_Exercise description_
Please reproduce all the data exactly as written and omit the pictures.

_Data excerpt_
——

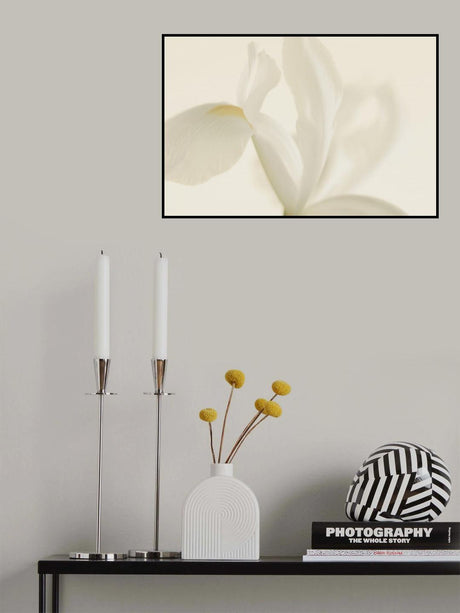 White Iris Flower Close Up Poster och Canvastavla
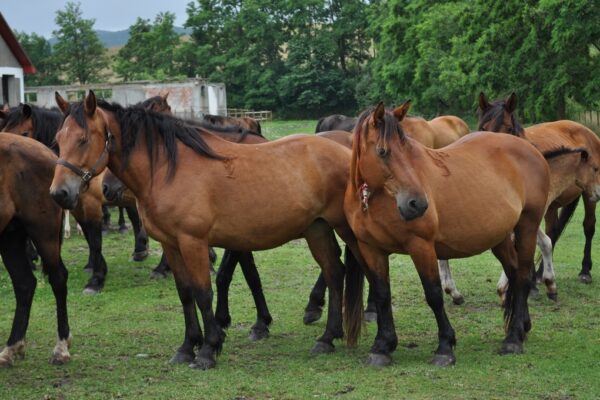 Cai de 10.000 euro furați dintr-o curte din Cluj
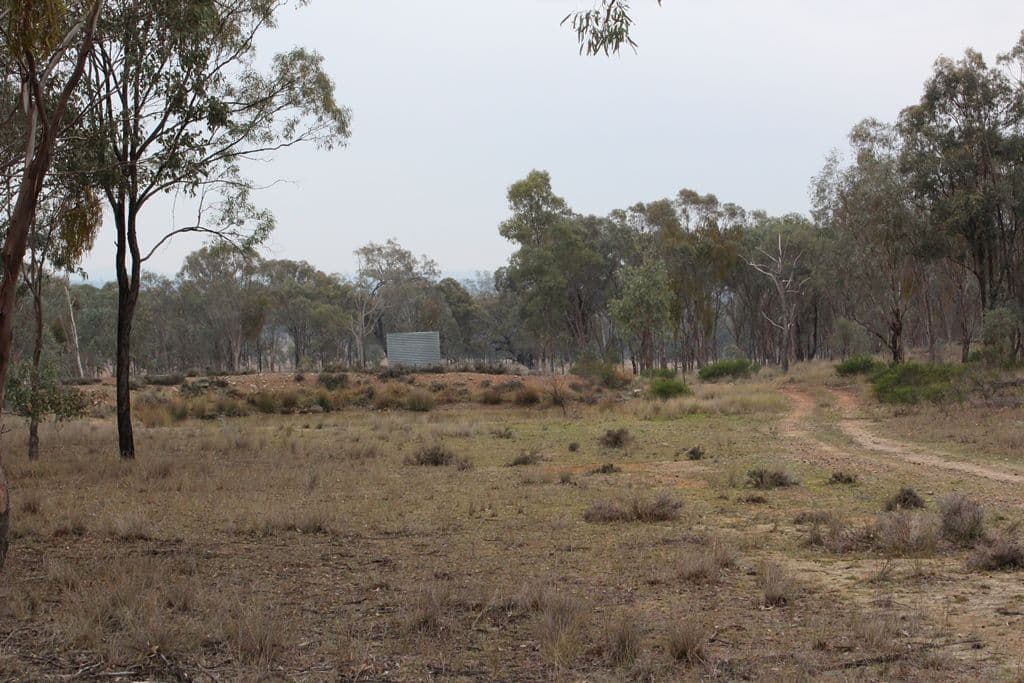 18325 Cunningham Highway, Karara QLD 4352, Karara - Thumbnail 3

——

_Response to the exercise_
 White Iris Flower Close Up Poster och Canvastavla
 Cai de 10.000 euro furați dintr-o curte din Cluj
 18325 Cunningham Highway, Karara QLD 4352, Karara - Thumbnail 3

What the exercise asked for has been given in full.